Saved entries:
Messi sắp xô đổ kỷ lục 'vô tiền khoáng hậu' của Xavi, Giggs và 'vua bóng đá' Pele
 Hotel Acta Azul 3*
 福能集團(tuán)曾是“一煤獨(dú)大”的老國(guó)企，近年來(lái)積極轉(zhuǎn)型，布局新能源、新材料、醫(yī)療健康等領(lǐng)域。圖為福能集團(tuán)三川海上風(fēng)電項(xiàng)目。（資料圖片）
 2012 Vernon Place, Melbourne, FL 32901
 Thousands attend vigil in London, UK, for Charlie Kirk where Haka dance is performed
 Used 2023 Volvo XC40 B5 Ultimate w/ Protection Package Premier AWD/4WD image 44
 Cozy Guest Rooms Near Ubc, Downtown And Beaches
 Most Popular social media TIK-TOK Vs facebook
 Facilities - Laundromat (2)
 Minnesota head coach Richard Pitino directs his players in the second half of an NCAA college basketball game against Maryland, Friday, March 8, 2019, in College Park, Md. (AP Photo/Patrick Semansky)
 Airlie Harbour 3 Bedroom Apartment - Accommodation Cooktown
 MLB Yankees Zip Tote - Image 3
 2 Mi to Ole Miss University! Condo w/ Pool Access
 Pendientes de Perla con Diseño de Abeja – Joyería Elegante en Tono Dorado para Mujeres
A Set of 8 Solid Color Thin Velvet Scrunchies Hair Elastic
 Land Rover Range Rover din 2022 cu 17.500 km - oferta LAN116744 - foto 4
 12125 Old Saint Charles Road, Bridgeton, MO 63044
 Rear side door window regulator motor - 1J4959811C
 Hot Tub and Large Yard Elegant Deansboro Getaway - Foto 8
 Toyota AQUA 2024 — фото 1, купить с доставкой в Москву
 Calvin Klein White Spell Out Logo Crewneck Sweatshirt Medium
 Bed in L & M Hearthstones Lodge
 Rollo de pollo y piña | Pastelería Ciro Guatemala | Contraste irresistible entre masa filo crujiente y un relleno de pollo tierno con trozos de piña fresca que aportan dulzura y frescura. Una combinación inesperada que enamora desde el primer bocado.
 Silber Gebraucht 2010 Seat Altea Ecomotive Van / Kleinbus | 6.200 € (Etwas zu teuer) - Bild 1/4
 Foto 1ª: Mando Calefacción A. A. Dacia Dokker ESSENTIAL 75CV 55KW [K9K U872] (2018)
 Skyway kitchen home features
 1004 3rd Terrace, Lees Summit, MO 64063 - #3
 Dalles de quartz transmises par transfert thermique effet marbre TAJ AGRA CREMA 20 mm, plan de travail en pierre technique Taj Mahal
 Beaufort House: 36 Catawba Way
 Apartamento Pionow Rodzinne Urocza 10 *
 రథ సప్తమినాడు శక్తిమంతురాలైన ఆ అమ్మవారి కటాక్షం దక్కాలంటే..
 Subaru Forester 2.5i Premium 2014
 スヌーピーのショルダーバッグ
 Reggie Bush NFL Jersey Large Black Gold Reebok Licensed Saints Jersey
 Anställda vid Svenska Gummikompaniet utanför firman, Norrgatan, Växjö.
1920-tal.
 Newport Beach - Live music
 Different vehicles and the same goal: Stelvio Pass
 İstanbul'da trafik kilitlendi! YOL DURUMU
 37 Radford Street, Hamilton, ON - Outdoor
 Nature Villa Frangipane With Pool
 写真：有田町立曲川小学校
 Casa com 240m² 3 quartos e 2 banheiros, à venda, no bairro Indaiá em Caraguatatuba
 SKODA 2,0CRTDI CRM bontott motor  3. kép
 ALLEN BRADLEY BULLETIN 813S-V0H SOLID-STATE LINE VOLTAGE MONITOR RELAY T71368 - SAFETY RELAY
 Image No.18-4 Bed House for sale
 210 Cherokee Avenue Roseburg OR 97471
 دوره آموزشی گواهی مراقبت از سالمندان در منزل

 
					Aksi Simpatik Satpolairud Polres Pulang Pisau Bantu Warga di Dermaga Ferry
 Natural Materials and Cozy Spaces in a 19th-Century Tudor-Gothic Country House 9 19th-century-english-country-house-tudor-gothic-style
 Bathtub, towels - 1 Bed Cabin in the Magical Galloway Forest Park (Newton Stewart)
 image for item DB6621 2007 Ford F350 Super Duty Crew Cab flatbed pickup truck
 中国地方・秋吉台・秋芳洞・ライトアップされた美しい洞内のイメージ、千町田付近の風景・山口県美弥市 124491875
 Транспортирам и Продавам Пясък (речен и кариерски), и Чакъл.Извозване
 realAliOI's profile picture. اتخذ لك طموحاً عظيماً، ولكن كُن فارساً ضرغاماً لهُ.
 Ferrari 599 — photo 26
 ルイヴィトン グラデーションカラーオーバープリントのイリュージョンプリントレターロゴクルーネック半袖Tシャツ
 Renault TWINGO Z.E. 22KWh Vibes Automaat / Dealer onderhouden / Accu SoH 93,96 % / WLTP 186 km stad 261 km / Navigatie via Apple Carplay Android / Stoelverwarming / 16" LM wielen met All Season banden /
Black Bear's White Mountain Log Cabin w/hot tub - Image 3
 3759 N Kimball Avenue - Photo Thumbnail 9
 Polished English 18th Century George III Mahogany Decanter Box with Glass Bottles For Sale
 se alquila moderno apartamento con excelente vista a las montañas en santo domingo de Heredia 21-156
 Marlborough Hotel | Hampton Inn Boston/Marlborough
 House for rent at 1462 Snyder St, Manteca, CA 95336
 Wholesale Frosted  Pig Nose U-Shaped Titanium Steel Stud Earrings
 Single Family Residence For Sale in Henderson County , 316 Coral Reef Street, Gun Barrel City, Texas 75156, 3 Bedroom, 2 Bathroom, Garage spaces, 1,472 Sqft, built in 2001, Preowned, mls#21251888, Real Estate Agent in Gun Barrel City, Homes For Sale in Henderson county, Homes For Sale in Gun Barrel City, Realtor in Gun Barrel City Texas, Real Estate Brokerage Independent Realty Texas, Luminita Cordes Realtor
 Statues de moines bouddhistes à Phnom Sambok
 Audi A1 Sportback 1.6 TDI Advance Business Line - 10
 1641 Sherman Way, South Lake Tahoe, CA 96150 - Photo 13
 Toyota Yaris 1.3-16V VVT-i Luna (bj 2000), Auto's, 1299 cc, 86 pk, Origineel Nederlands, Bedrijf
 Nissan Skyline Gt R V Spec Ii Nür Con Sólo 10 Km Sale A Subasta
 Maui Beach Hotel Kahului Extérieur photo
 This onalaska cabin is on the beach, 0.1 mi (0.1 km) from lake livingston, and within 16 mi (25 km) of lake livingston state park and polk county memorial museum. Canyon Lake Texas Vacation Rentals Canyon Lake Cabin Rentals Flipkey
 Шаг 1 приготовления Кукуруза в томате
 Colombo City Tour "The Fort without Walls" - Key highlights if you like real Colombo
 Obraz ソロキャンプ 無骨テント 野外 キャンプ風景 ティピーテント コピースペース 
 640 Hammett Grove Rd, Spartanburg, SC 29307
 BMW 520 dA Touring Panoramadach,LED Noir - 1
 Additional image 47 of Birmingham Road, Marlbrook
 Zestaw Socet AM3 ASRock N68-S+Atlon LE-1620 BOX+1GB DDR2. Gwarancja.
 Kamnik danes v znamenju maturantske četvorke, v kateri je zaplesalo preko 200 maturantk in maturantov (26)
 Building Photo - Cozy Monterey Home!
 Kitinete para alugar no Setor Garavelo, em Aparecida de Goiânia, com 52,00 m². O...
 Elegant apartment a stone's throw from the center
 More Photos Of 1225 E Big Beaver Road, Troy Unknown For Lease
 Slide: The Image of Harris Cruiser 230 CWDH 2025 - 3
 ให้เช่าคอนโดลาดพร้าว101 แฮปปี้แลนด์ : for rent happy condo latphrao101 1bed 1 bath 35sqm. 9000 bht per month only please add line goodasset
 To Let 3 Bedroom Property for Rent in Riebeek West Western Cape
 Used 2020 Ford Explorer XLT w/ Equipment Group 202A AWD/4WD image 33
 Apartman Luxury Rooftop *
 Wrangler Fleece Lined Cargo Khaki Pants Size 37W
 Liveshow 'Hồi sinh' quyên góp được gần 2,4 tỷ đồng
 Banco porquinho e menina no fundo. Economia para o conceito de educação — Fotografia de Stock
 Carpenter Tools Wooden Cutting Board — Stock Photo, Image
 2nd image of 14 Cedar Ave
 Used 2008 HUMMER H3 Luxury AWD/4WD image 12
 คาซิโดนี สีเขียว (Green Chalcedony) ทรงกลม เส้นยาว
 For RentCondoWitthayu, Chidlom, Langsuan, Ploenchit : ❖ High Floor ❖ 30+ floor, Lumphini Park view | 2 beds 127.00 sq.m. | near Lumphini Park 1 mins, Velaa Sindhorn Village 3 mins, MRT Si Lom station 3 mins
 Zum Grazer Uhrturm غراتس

» **Exercise prompt**
Look back at the data above. Transcribe exactly the lines starting at the line that contains "Different vehicles and" and ending at the line that contains "ALLEN BRADLEY BULLETIN".

» **Response box**
 Different vehicles and the same goal: Stelvio Pass
 İstanbul'da trafik kilitlendi! YOL DURUMU
 37 Radford Street, Hamilton, ON - Outdoor
 Nature Villa Frangipane With Pool
 写真：有田町立曲川小学校
 Casa com 240m² 3 quartos e 2 banheiros, à venda, no bairro Indaiá em Caraguatatuba
 SKODA 2,0CRTDI CRM bontott motor  3. kép
 ALLEN BRADLEY BULLETIN 813S-V0H SOLID-STATE LINE VOLTAGE MONITOR RELAY T71368 - SAFETY RELAY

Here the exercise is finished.